Some official postcodes are not included in Postal Areas. This occurs when a Mesh Block cannot be allocated to a postcode. There are two situations where this occurs:
- a Mesh Block covers more than one whole postcode, and the Mesh Block can be allocated to only one postcode
more than one Mesh Block partly covers a postcode, but all the Mesh Blocks are allocated to other postcodes, based on population.
- Postal Areas exclude postcodes that are not street delivery areas. These include post office boxes, mail back competitions, large volume receivers and specialist delivery postcodes. These postcodes are only valid for postal addresses and are not a valid location for population data.

There are opensource datasets that map postcodes to LGAs and other ABS statistical areas (the smallest being LGA) but these only give the statistical areas that the postcode intersects with, which is usually more than one.
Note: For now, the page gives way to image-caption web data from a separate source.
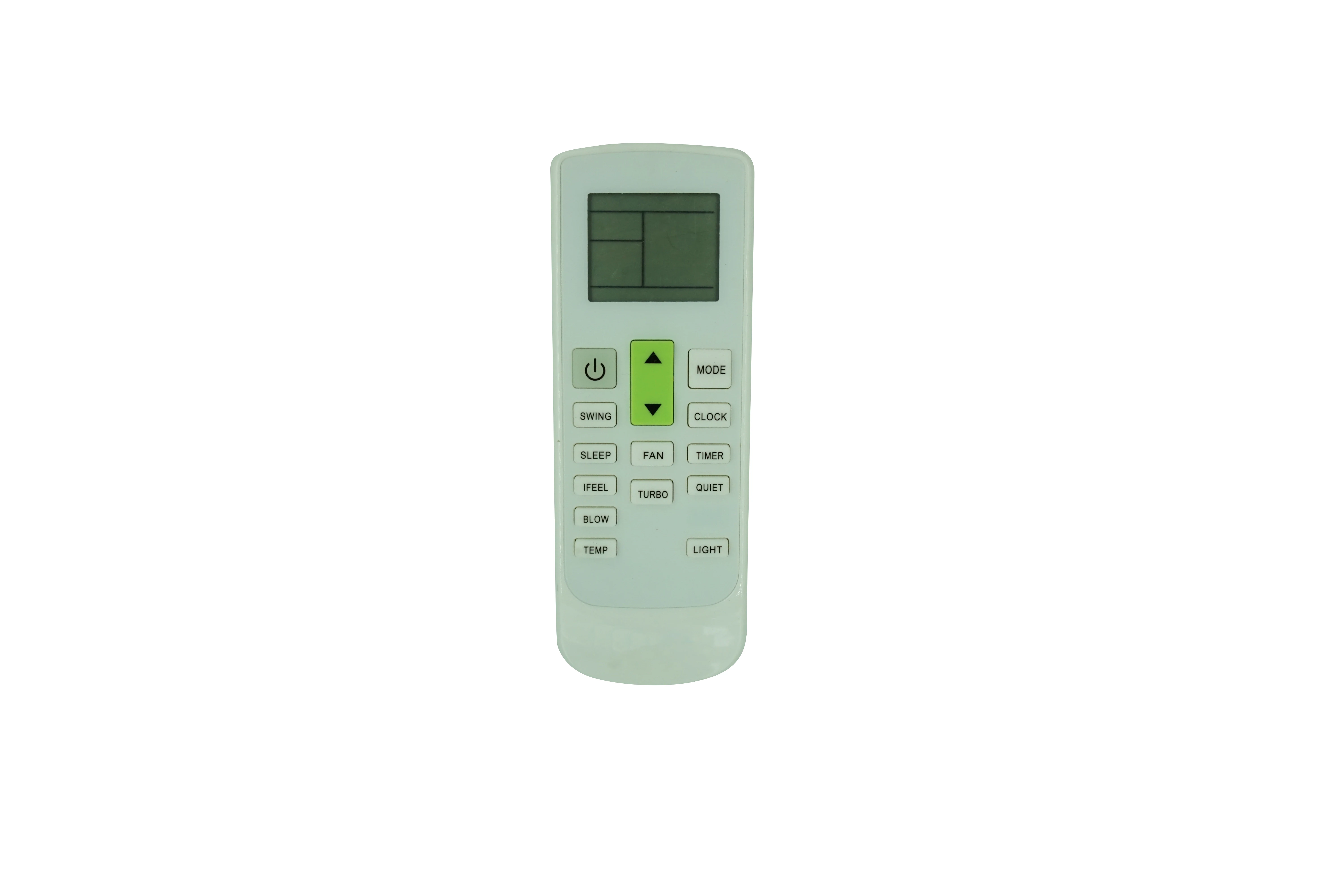 Remote Control For BLUE STAT Room Windows AC Air Conditioner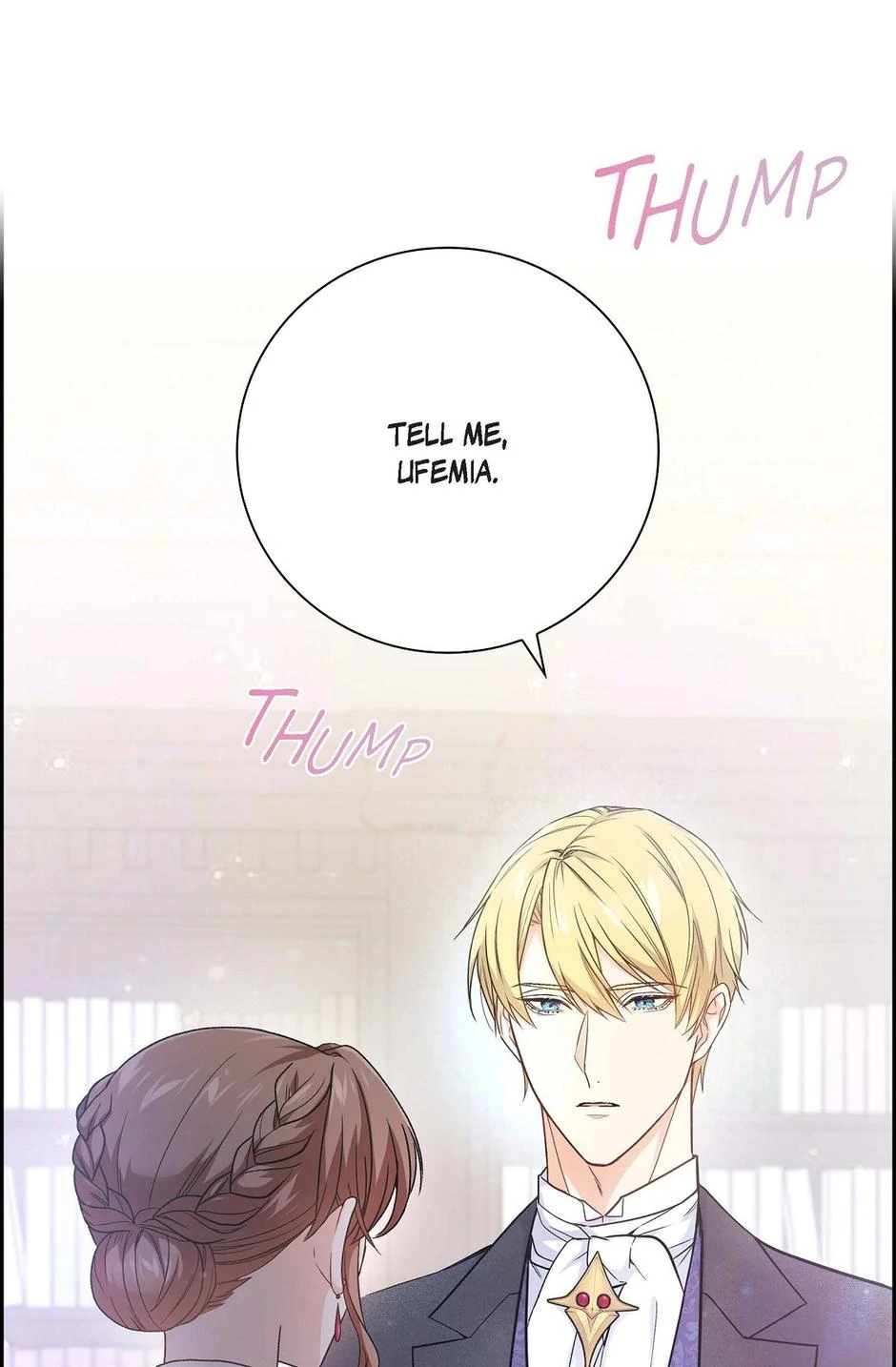 Don’t Look For Me chapter 33 page 3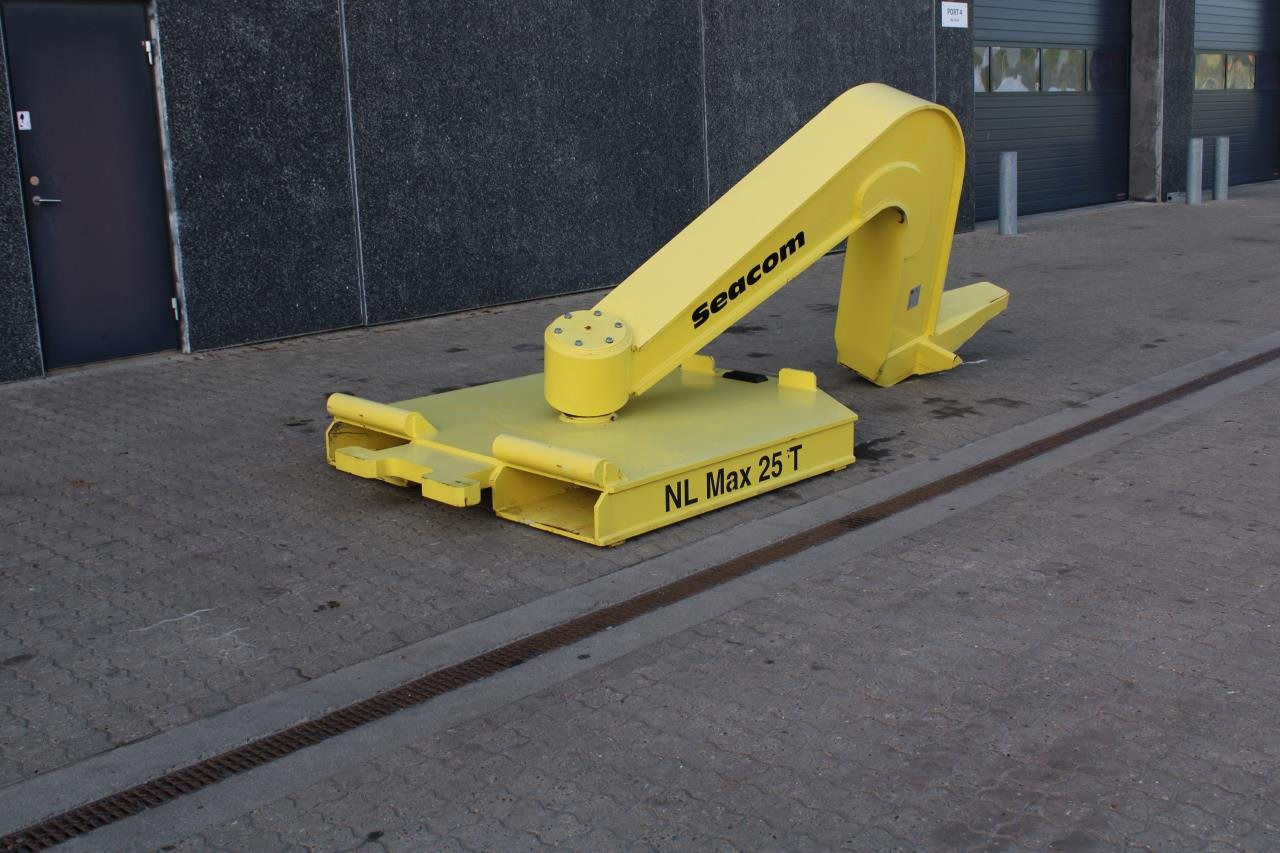 Seacom SEACOM GSH25 - Портова техніка: фото 2 Seacom SEACOM GSH25 - Портова техніка: фото 2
Therefore for geographical analysis we will use only abs postal areas. In doing this we compromise the size of usable of data for accuracy.

In [None]:
consumer_details_df = pd.read_csv('../data/tables/tbl_consumer.csv', delimiter="|")
sum(consumer_details_df['postcode'].isin(age_df['postcode']))/len(consumer_details_df)

### Opensource Postcode Data

In [13]:
output_dir = '../data/raw/postcodes/'
mkdir(output_dir)
response = requests.get('https://www.matthewproctor.com/Content/postcodes/australian_postcodes.csv')

with open(output_dir + 'postcodes.csv', 'wb') as f:
    f.write(response.content)